Interpretations of how this counting board, or Peruvian abacus, might have been used have been given by several authors, see for example  and . However some historians are less certain that this really is a Peruvian abacus. For example  in which the authors write:-
It is unclear from Poma's commentary whether it is his version of a device associated with Spanish activities analogous to those of the person depicted or whether he is implying its association with the Incas. In either case, his commentary makes interpretation of the configuration and the meaning of the unfilled and filled holes highly speculative.
It is a difficult task to gain further insights into the mathematical understanding of the Incas. The book  by Urton is interesting for it examines the concept of number as understood by the Inca people. As one might expect, their concept of number was a very concrete one, unlike our concept of number which is a highly abstract one (although this is not really understood by many people). The concrete way of conceiving numbers is illustrated by different words used when describing properties of numbers. One example given in  is that of even and odd numbers. Now the ideas of an even number, say, relies on having an abstract concept of number which is independent of the objects being counted. However, the Peruvian languages had different words which applied to different types of objects. For example separate words occur for the idea of :-
... the two together that make a pair ...
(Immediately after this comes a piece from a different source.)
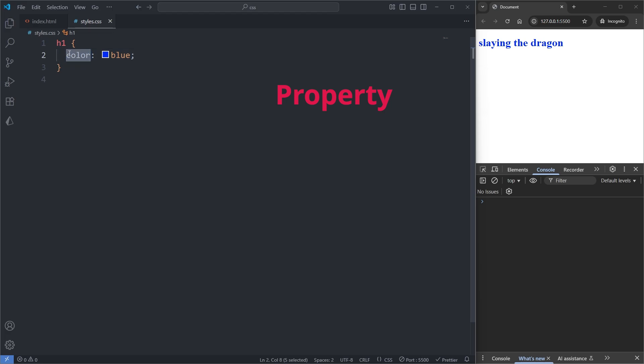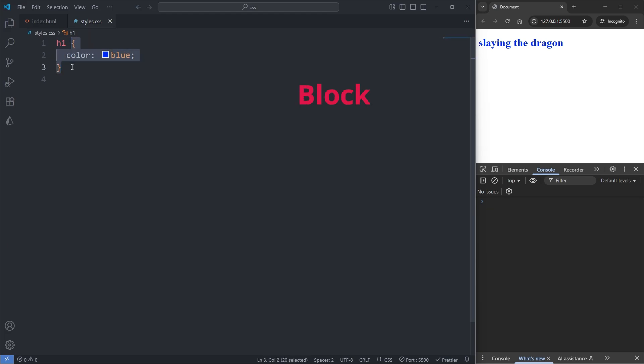Color is a property, and blue is a value. The property and the value together is referred to as a declaration. The curly braces and everything inside of it is referred to as a block. And the entire thing, beginning from the selector all the way down to the closing curly brace, is referred to as a ruleset.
... the one together with its mate ...
... two - in reference to one thing that is divided into two parts ...
... a pair of two separate things bound intimately together, such as two bulls yoked together for ploughing ...
This is a fascinating topic and one which deserves much further research. One wonders whether the Incas applied their number system to solve mathematical problems. Was it merely for recording? If the yupana really was an abacus then it must have been used to solve problems and this prompts the intriguing question of what these problems were. A tantalising glimpse may be contained in the writings of the Spanish priest José de Acosta who lived among the Incas from 1571 to 1586. He writes in his book Historia Natural Moral de las Indias which was published in Madrid in 1596:-
To see them use another kind of calculator, with maize kernels, is a perfect joy. In order to carry out a very difficult computation for which an able computer would require pen and paper, these Indians make use of their kernels. They place one here, three somewhere else and eight, I know not where. They move one kernel here and there and the fact is that they are able to complete their computation without making the smallest mistake. as a matter of fact, they are better at practical arithmetic than we are with pen and ink. Whether this is not ingenious and whether these people are wild animals let those judge who will! What I consider as certain is that in what they undertake to do they are superior to us.
What a pity that de Acosta did not have the mathematical skills to give a precise description which would have allowed us to understand this method of calculation by the Incas.